(Saved entries)
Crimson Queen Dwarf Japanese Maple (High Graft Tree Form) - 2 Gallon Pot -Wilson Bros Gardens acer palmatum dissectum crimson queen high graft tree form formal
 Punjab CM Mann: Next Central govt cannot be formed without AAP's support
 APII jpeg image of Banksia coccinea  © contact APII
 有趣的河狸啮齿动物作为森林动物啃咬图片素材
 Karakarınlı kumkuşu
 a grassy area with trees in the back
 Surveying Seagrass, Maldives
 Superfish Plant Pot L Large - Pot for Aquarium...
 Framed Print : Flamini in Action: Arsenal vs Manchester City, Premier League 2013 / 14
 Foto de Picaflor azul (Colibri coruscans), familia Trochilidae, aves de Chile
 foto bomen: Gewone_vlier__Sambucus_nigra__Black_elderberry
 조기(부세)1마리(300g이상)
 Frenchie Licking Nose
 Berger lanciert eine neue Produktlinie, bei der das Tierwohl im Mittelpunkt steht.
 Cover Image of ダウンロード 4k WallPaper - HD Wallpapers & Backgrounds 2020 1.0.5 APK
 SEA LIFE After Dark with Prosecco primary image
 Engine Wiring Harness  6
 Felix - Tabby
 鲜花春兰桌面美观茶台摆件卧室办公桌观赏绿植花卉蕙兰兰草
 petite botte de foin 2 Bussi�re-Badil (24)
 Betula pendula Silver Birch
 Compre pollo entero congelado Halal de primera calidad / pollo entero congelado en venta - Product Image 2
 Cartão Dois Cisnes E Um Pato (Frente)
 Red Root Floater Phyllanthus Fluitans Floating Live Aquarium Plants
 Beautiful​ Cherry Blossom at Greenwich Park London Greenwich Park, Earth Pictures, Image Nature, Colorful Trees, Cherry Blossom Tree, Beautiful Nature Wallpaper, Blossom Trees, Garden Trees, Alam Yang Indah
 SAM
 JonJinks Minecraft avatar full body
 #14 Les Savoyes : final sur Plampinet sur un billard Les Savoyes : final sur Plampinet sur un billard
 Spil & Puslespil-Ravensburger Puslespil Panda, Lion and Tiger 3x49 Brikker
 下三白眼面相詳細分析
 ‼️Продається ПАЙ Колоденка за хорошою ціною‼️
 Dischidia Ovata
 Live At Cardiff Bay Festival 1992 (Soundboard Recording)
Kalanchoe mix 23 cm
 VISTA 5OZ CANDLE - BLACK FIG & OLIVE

(Assignment) Nothing but the lines from the one containing "Felix - Tabby" to the end of the records above should appear, each copied exactly.

(The answer)
 Felix - Tabby
 鲜花春兰桌面美观茶台摆件卧室办公桌观赏绿植花卉蕙兰兰草
 petite botte de foin 2 Bussi�re-Badil (24)
 Betula pendula Silver Birch
 Compre pollo entero congelado Halal de primera calidad / pollo entero congelado en venta - Product Image 2
 Cartão Dois Cisnes E Um Pato (Frente)
 Red Root Floater Phyllanthus Fluitans Floating Live Aquarium Plants
 Beautiful​ Cherry Blossom at Greenwich Park London Greenwich Park, Earth Pictures, Image Nature, Colorful Trees, Cherry Blossom Tree, Beautiful Nature Wallpaper, Blossom Trees, Garden Trees, Alam Yang Indah
 SAM
 JonJinks Minecraft avatar full body
 #14 Les Savoyes : final sur Plampinet sur un billard Les Savoyes : final sur Plampinet sur un billard
 Spil & Puslespil-Ravensburger Puslespil Panda, Lion and Tiger 3x49 Brikker
 下三白眼面相詳細分析
 ‼️Продається ПАЙ Колоденка за хорошою ціною‼️
 Dischidia Ovata
 Live At Cardiff Bay Festival 1992 (Soundboard Recording)
Kalanchoe mix 23 cm
 VISTA 5OZ CANDLE - BLACK FIG & OLIVE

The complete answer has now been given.